**STORED DATA**
######

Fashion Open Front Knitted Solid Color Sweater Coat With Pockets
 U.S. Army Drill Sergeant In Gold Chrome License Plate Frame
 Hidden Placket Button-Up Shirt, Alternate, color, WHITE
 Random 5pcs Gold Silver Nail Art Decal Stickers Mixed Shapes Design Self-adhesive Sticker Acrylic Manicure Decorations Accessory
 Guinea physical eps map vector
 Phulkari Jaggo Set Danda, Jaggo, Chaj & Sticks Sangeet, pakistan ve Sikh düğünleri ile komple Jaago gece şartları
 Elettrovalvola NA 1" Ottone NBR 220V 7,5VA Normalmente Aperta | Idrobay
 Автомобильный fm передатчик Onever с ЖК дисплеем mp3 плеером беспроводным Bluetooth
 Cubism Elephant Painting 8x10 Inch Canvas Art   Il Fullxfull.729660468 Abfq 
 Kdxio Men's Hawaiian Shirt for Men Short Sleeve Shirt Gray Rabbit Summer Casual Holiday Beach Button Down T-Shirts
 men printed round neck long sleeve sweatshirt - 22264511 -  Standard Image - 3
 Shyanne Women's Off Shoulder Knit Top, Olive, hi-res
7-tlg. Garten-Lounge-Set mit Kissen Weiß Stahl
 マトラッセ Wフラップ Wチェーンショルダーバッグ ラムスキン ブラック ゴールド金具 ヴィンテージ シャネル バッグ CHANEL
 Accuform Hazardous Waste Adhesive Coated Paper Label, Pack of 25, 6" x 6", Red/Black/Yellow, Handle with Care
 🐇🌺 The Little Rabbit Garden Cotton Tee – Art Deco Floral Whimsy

######

Retype the entries. Every line must match exactly.

**TASK SOLUTION**
Fashion Open Front Knitted Solid Color Sweater Coat With Pockets
 U.S. Army Drill Sergeant In Gold Chrome License Plate Frame
 Hidden Placket Button-Up Shirt, Alternate, color, WHITE
 Random 5pcs Gold Silver Nail Art Decal Stickers Mixed Shapes Design Self-adhesive Sticker Acrylic Manicure Decorations Accessory
 Guinea physical eps map vector
 Phulkari Jaggo Set Danda, Jaggo, Chaj & Sticks Sangeet, pakistan ve Sikh düğünleri ile komple Jaago gece şartları
 Elettrovalvola NA 1" Ottone NBR 220V 7,5VA Normalmente Aperta | Idrobay
 Автомобильный fm передатчик Onever с ЖК дисплеем mp3 плеером беспроводным Bluetooth
 Cubism Elephant Painting 8x10 Inch Canvas Art   Il Fullxfull.729660468 Abfq 
 Kdxio Men's Hawaiian Shirt for Men Short Sleeve Shirt Gray Rabbit Summer Casual Holiday Beach Button Down T-Shirts
 men printed round neck long sleeve sweatshirt - 22264511 -  Standard Image - 3
 Shyanne Women's Off Shoulder Knit Top, Olive, hi-res
7-tlg. Garten-Lounge-Set mit Kissen Weiß Stahl
 マトラッセ Wフラップ Wチェーンショルダーバッグ ラムスキン ブラック ゴールド金具 ヴィンテージ シャネル バッグ CHANEL
 Accuform Hazardous Waste Adhesive Coated Paper Label, Pack of 25, 6" x 6", Red/Black/Yellow, Handle with Care
 🐇🌺 The Little Rabbit Garden Cotton Tee – Art Deco Floral Whimsy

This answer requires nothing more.